В представленной Синоду Эстонской Апостольской Православной Церкви «Отчетной ведомости о Печерском Успенском монастыре за 1929 год» игумен монастыря Петсерский (или Печерский) епископ Иоанн (Булин), ставший почти сразу деятельнейшим соработником и покровителем Движения, привел подробный отчет о работе съезда: «Съезд этот состоялся с разрешения Министерства внутренних Дел, сборным днем его было воскресенье 4 августа. В 11 часов вечера этого дня, по прибытии вечернего моторного поезда, в древнем Успенском соборе собрались до 250 человек — членов Движения и настоятелем монастыря был отслужен им молебен с произнесением соответствующего слова. Все съехавшиеся были размещены по свободным помещениям и многим братским кельям.

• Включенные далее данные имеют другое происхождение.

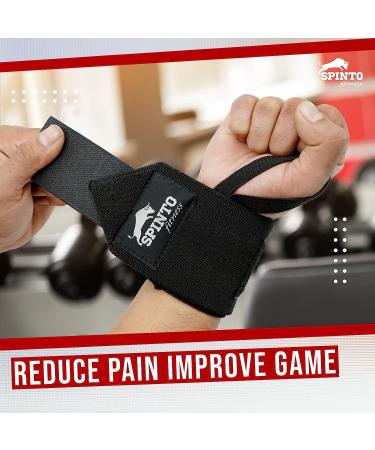 Spinto Fitness 18 Heavy Duty Weight Lifting Wrist Wraps for Men and Women - Professional Grade Black Wraps - Buy Online on GoSupps.com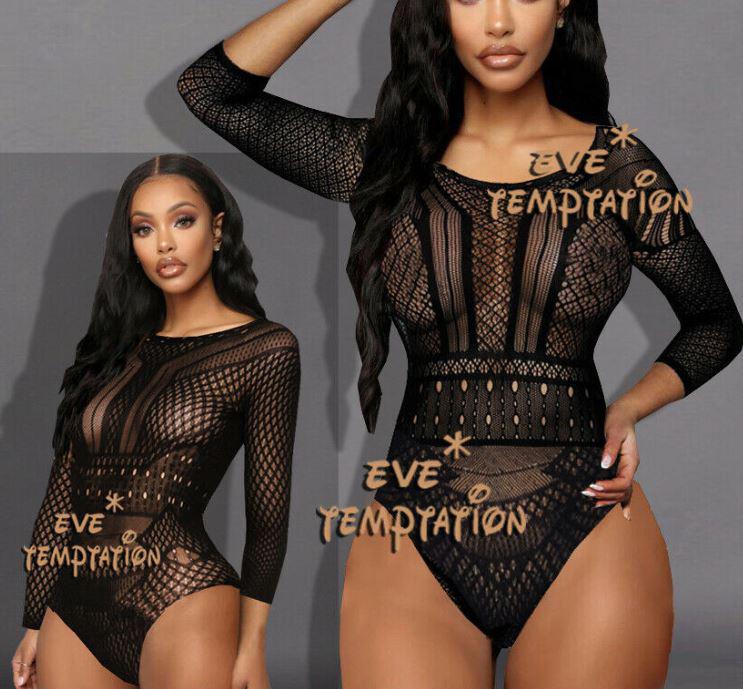 Fekete Bodycon testhezálló necc ruha / hosszú ujjú body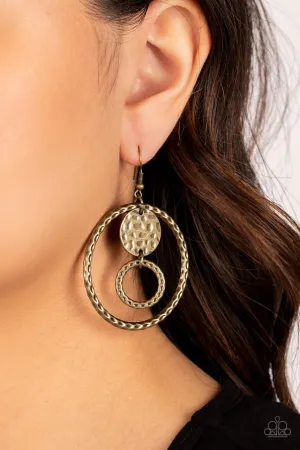 Paparazzi Earring ~ Mojave Metal Art - Brass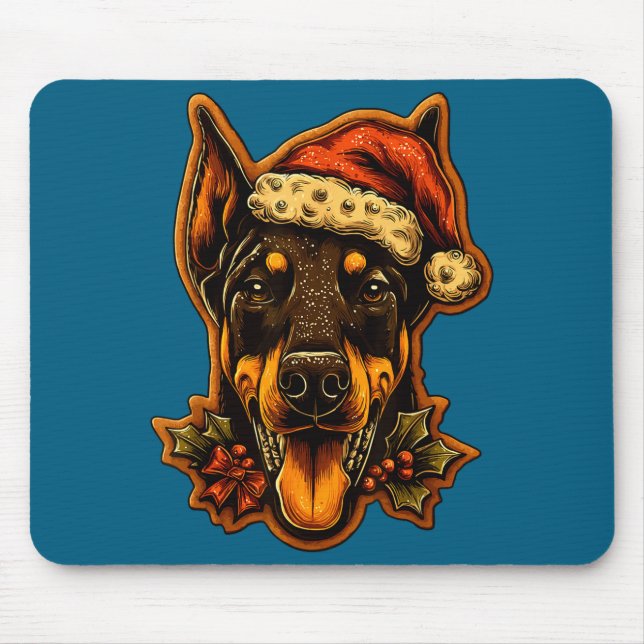 Christmas Doberman Dog With Santa Hat Gingerbread  Musmatta (Framsidan)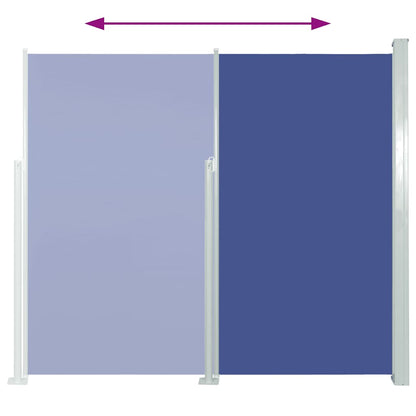Toldo lateral retrátil para pátio 100x500 cm azul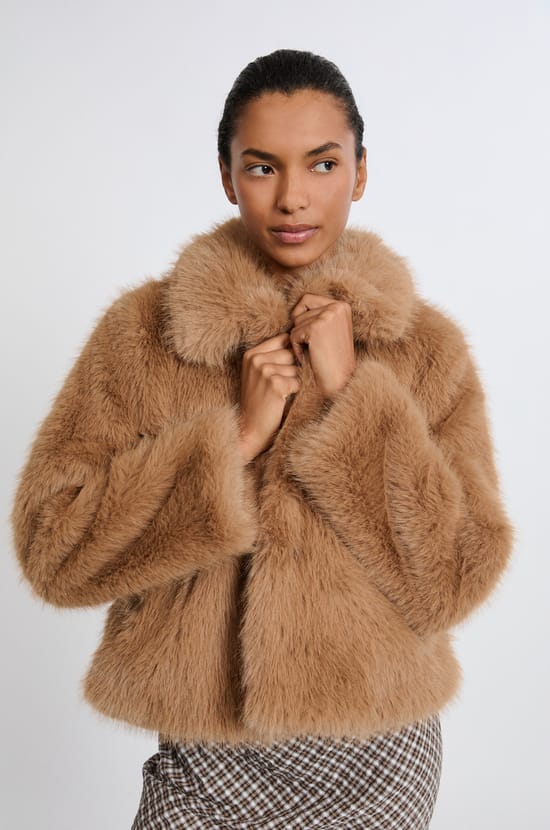 Short Faux Fur Coat;${refinementColor}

Некоторые из братии переместились на время „Съезда“ на чердаки, дабы предоставить движенцам больше удобств. В последующие дни прибыло еще до 125 движенцев и друзей „Движения“ для участия на съезде. Работы съезда продолжались включительно до воскресенья 11-го августа, когда большинство его членов говело и приобщалось Св. Христовых Таин. Монастырь своим укладом, бытом и уставом совершенно покорил настроение движенцев. Все члены съезда ежедневно бывали за ранней литургией с 6 час. у. — 8 час. утра и за общей вечерней молитвой и богослужением в Успенском соборе. Сами движенцы пели в хоре и исполняли уставные чтения. Всем движенцам чрезвычайно понравилось пение хора монашествующих. Работа съезда описана в книжке, изданной на правах рукописи в ограниченном количестве экземпляров Ревельским объединением „Движения“ под заглавием „У родных святынь“ с видом на повседневный колокол „Большой Звонницы“. В числе членов съезда была молодежь из Эстонии, Латвии, Финляндии, Румынии, Литвы, Чехословакии, Бельгии и Франции, руководил съездом Лев Александрович Зандер. Сотрудниками его были: духовник Движения — протоиерей Сергий Четвериков, диакон Лев Николаевич Липеровский и Иван Аркадьевич Лаговской. На съезде перебывало много местного населения, полюбившего работу „Движения“»[46].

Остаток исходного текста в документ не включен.